(RECORDS PROVIDED):
━━━━

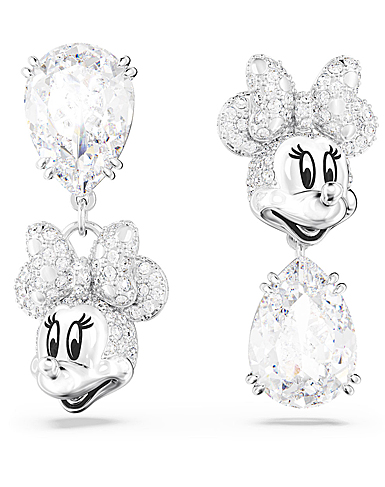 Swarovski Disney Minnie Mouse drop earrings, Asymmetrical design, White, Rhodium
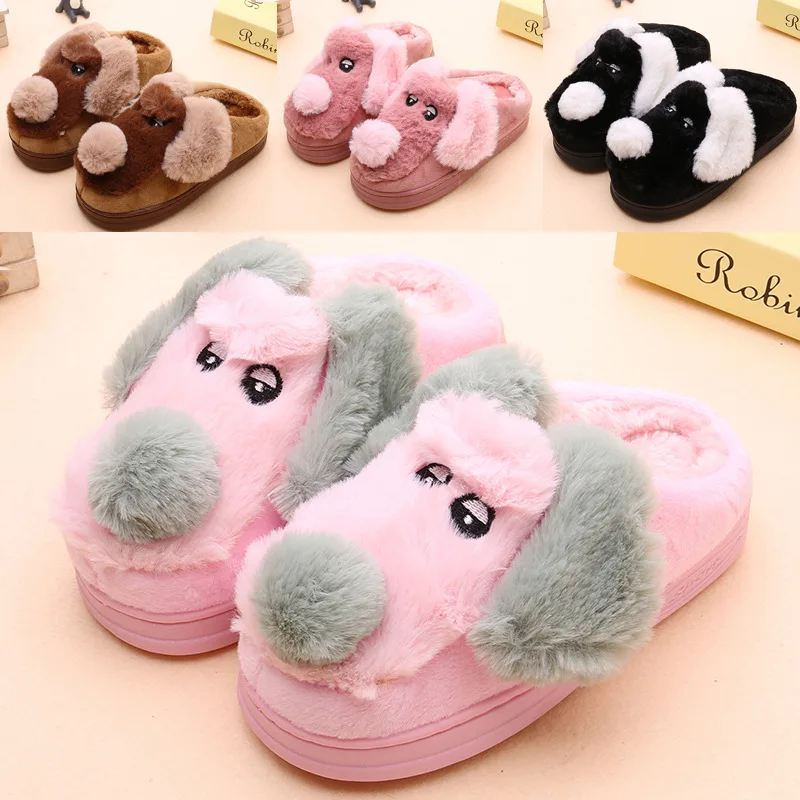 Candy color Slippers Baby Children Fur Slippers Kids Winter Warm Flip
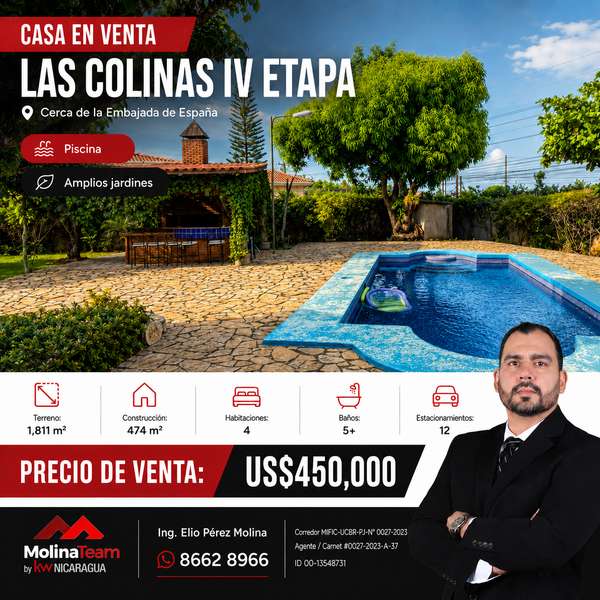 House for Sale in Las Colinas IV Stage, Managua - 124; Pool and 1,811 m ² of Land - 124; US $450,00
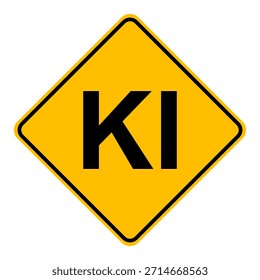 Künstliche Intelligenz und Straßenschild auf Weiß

━━━━

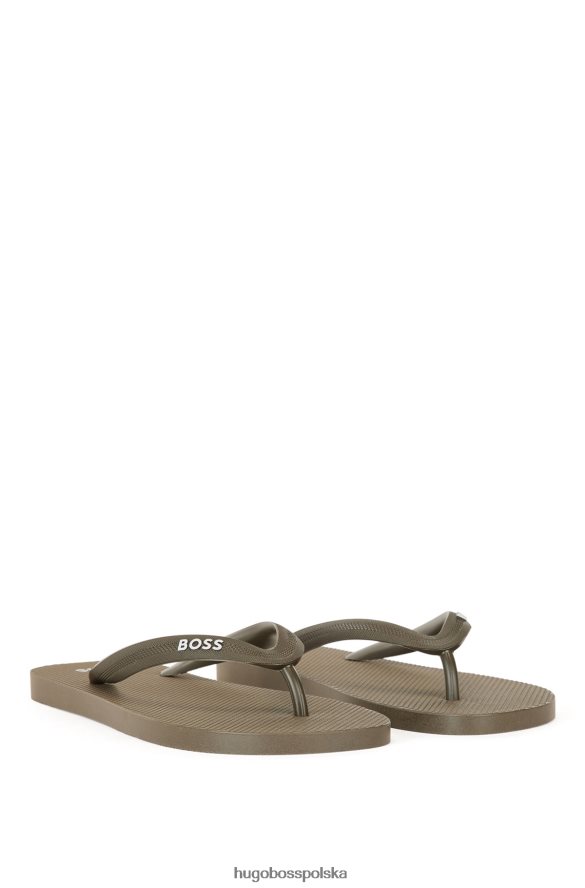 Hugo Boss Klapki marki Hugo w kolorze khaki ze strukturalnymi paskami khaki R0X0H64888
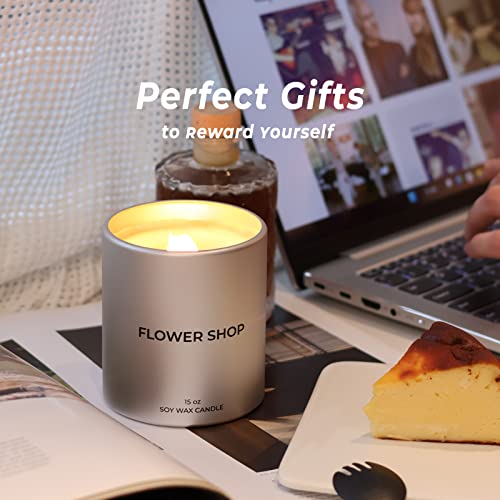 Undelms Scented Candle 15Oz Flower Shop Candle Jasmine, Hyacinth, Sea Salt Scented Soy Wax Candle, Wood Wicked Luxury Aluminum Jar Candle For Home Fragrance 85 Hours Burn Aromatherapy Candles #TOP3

━━━━

(DIRECTIONS FOR THIS TASK):
After locating the line containing "Candy color Slippers" in the entries above, return it and every line after it exactly, ending at the line containing "Künstliche Intelligenz und", without pictures.

(RESPONSE TO THIS EXERCISE):
 Candy color Slippers Baby Children Fur Slippers Kids Winter Warm Flip
 House for Sale in Las Colinas IV Stage, Managua - 124; Pool and 1,811 m ² of Land - 124; US $450,00
 Künstliche Intelligenz und Straßenschild auf Weiß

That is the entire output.